+++ SUPPLIED DATA +++
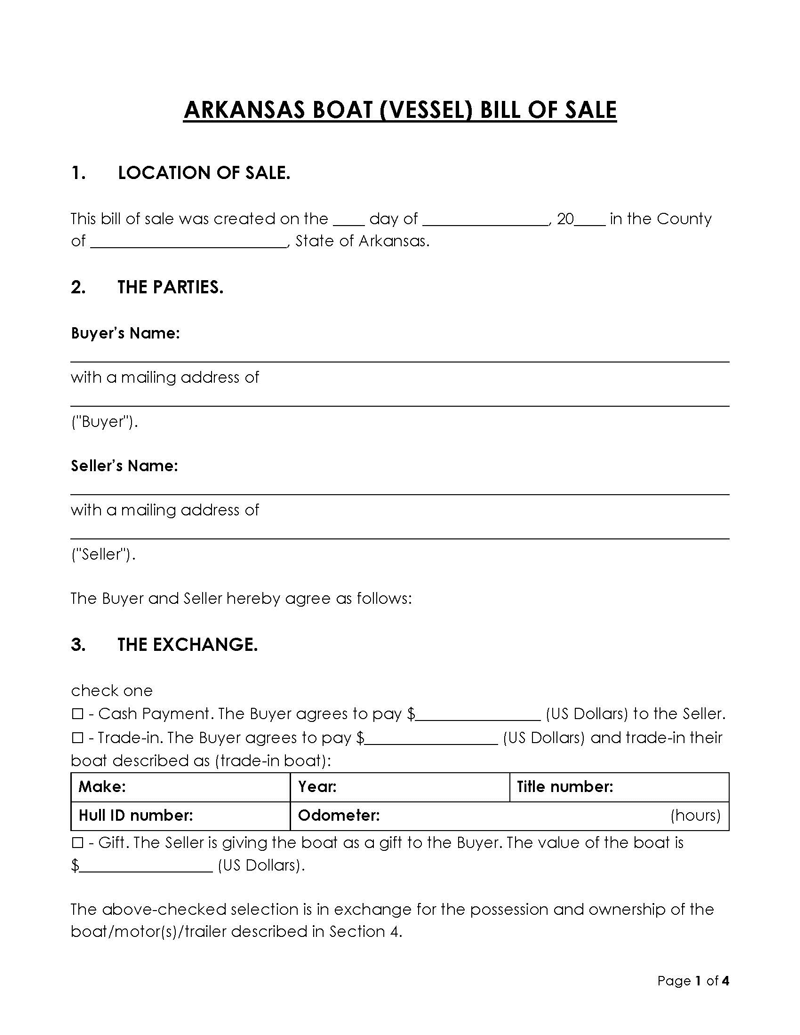 Arkansas Boat Bill of Sale form Arkansas Boat Bill of Sale Form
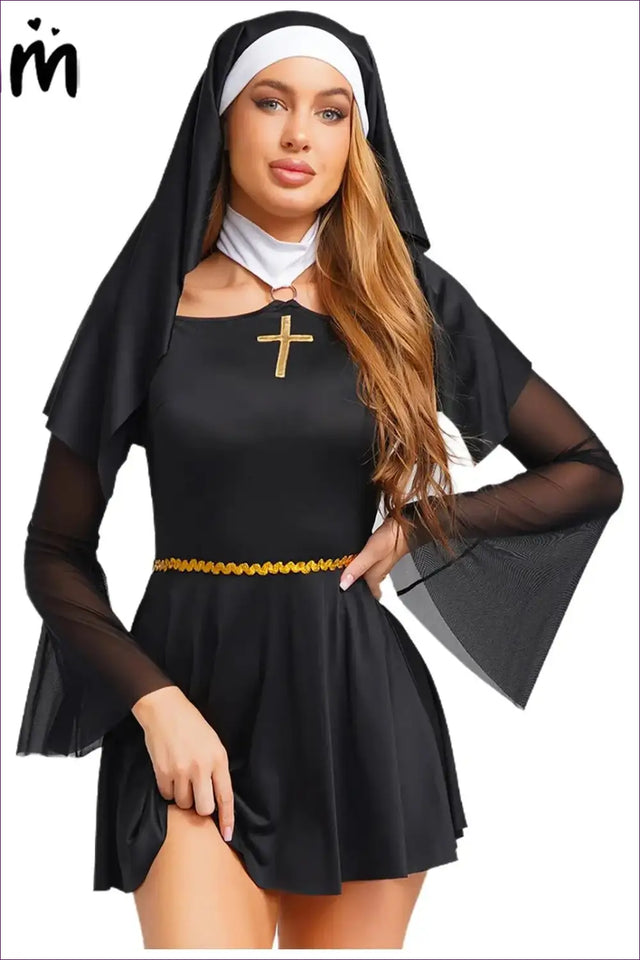 Nun Costume Set with Veil & Mesh Sleeves - Gothic Party Essential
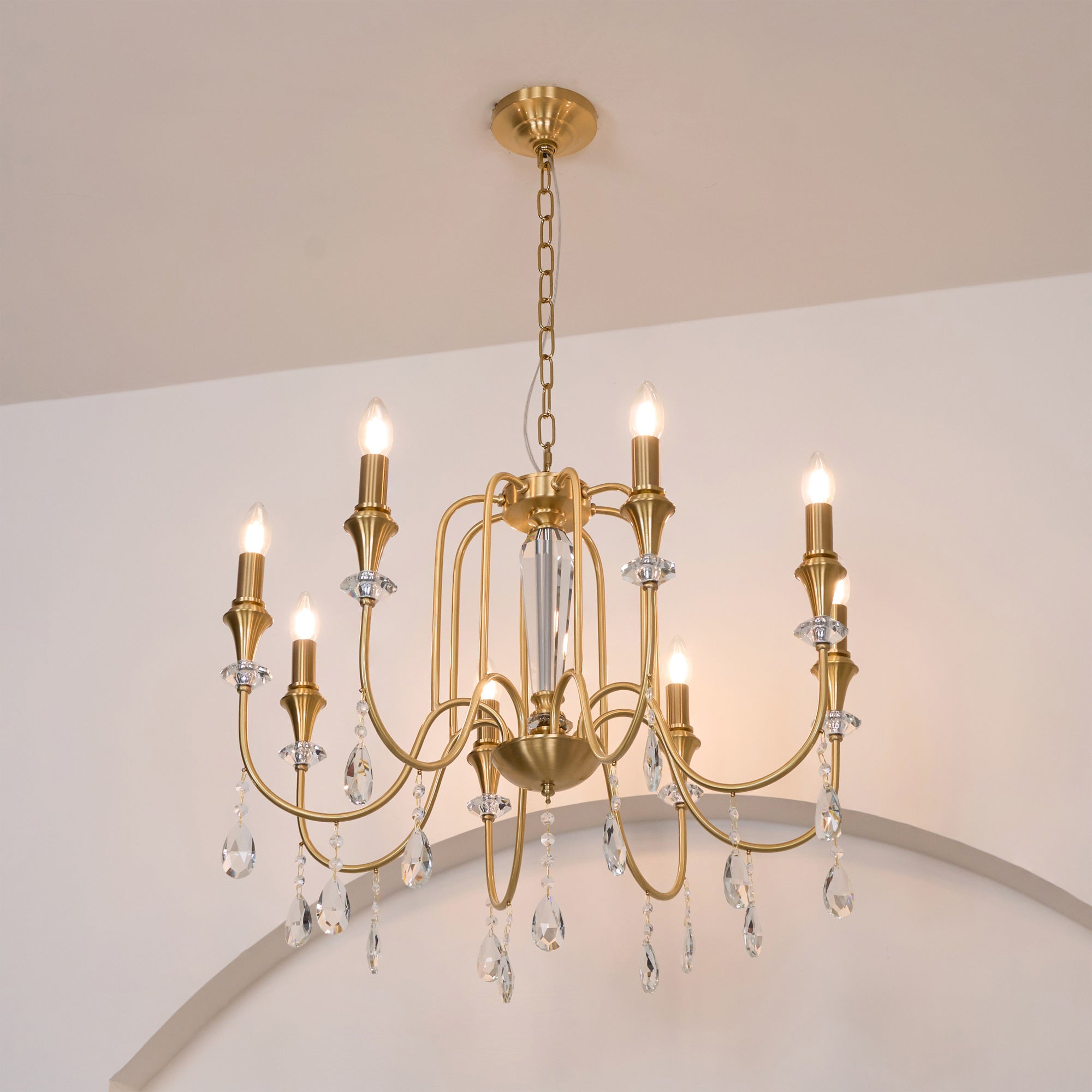 Ercararis Vintage Industrial Brass Crystal Chandelier - Lamp Copper
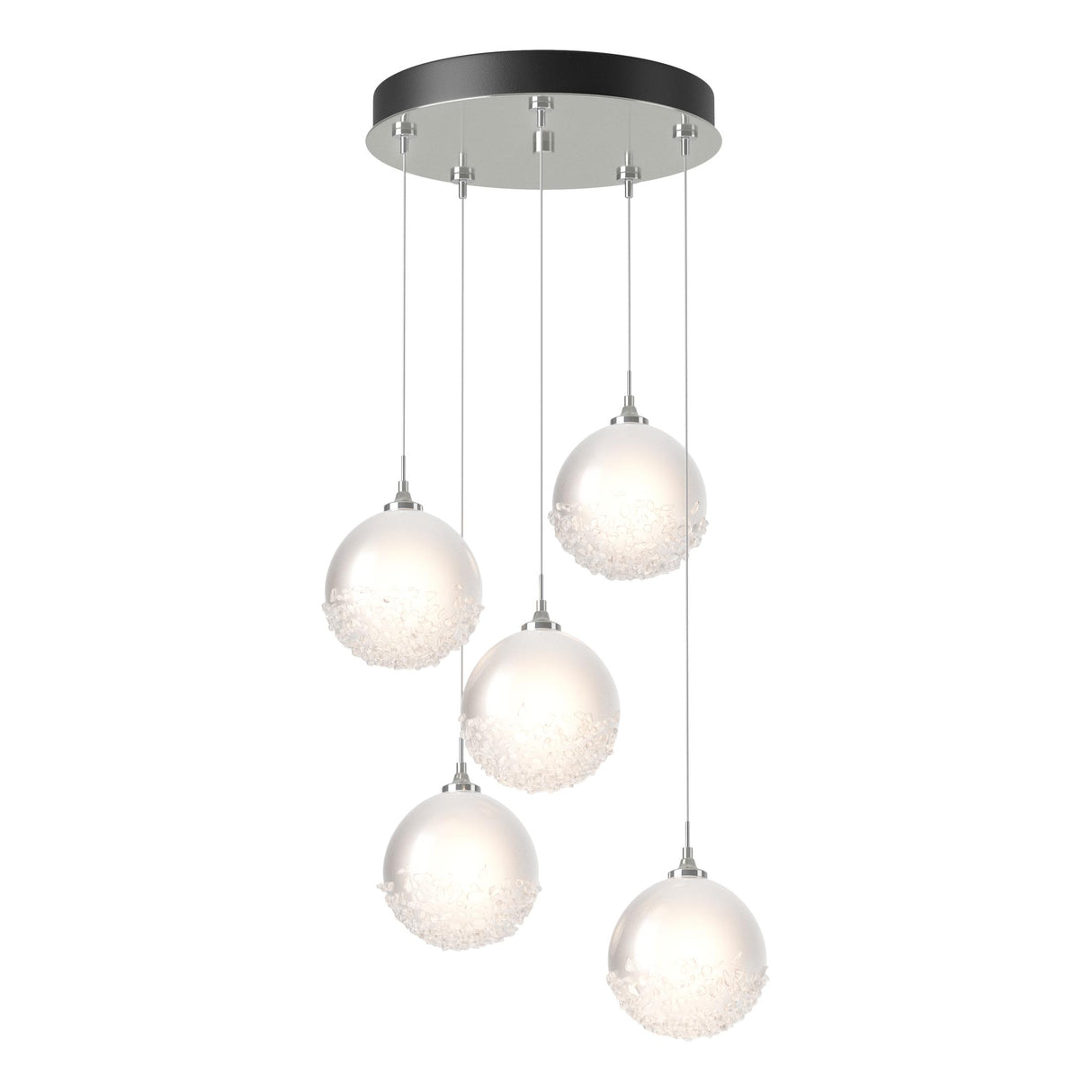 Hubbardton Forge 2023 Sterling Frosted Glass (FD) Standard Fritz Globe 5-Light Pendant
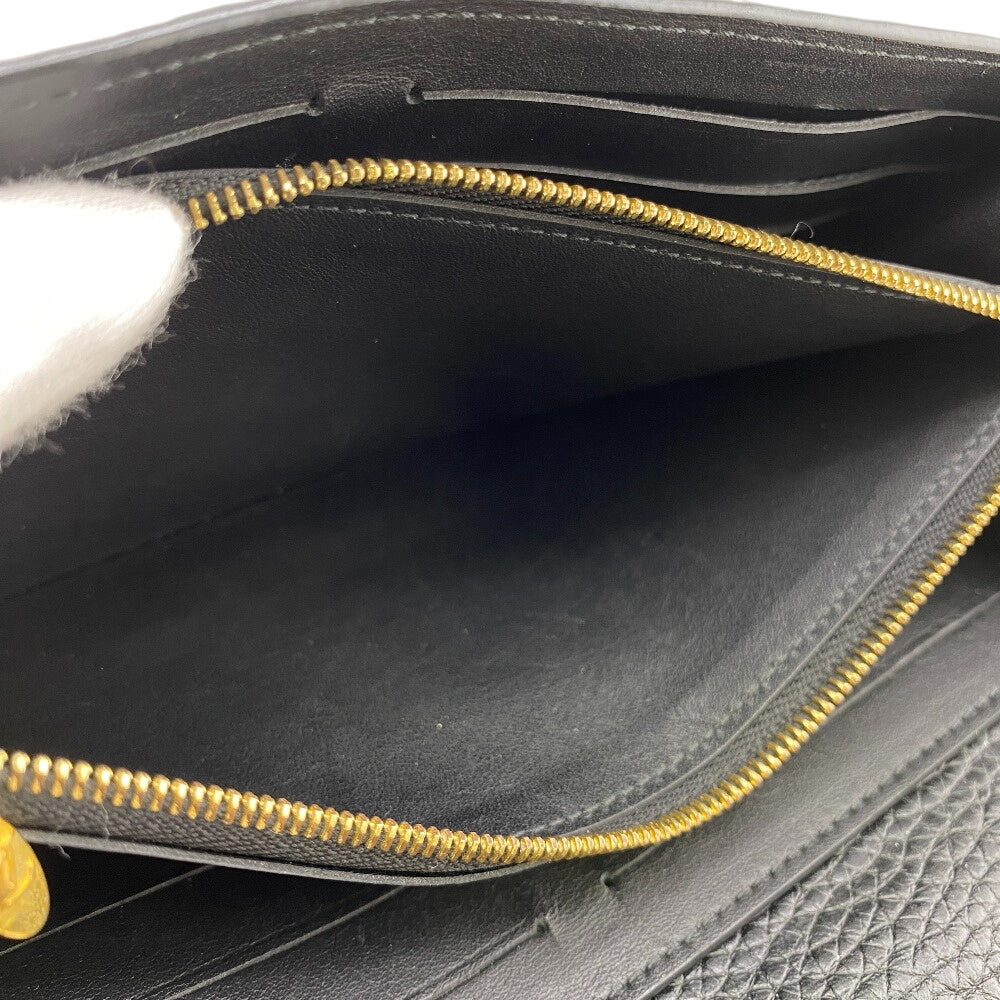 Louis Vuitton Long Wallet Purse M63461 Taurillon Clemence Black Portefeuille Capusine Women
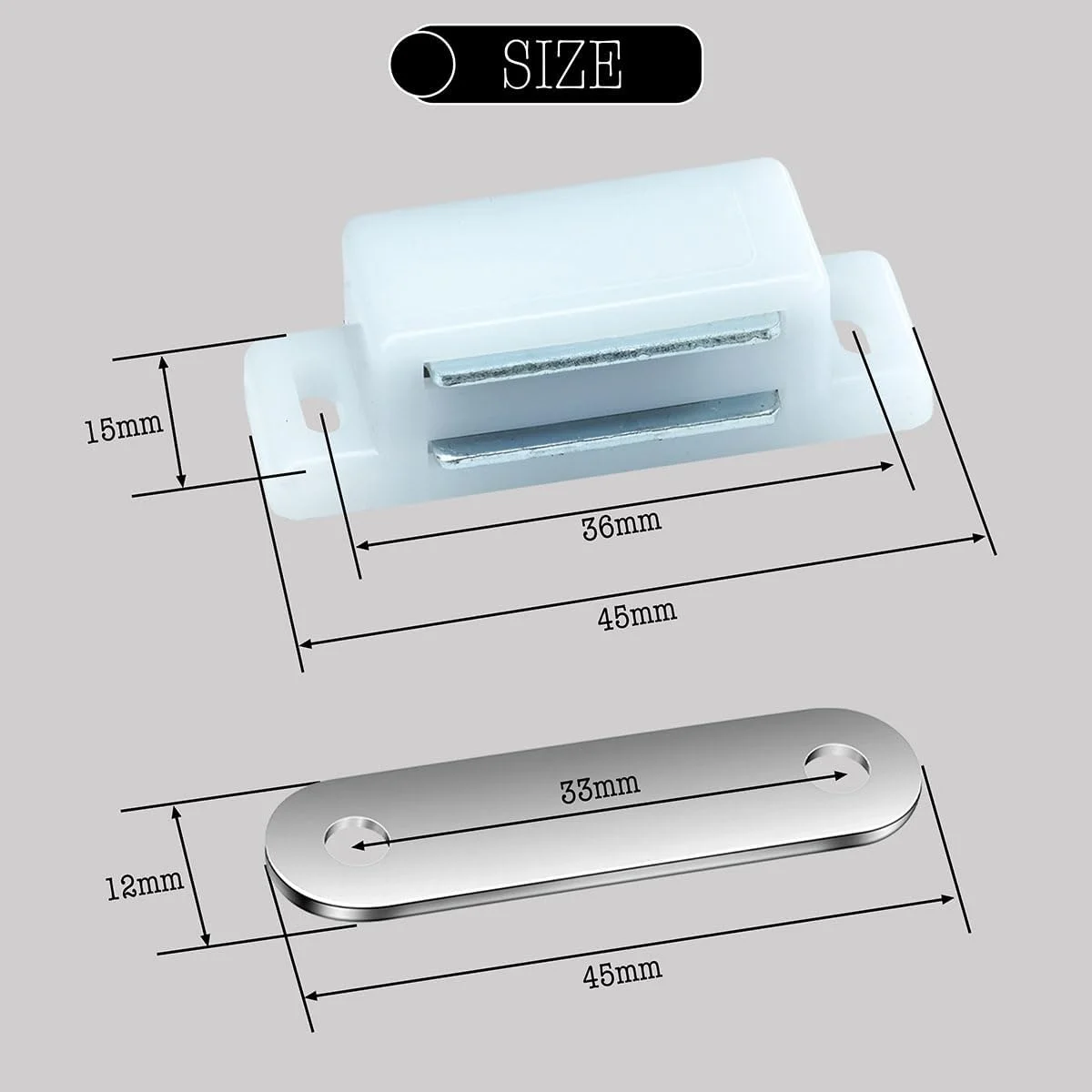 بسته 12 عددی قفل مگنتی درب کابینت ciciment، بست های سنگین درب کمد با پیچ برای آشپزخانه، کمد لباس و درب های مبلمان - پوسته پلاستیکی و صفحه فلزی (سفید) بسته 12 عددی قفل مگنتی درب کابینت ciciment، بست های سنگین درب کمد با پیچ برای آشپزخانه، کمد لباس و درب های مبلمان - پوسته پلاستیکی و صفحه فلزی (سفید)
+++
▸ TASK DETAILS
Quote only what lies between the first line of the records and the line containing "Louis Vuitton Long", please, including both lines and excluding images.

▸ REPLY
 Arkansas Boat Bill of Sale form Arkansas Boat Bill of Sale Form
 Nun Costume Set with Veil & Mesh Sleeves - Gothic Party Essential
 Ercararis Vintage Industrial Brass Crystal Chandelier - Lamp Copper
 Hubbardton Forge 2023 Sterling Frosted Glass (FD) Standard Fritz Globe 5-Light Pendant
 Louis Vuitton Long Wallet Purse M63461 Taurillon Clemence Black Portefeuille Capusine Women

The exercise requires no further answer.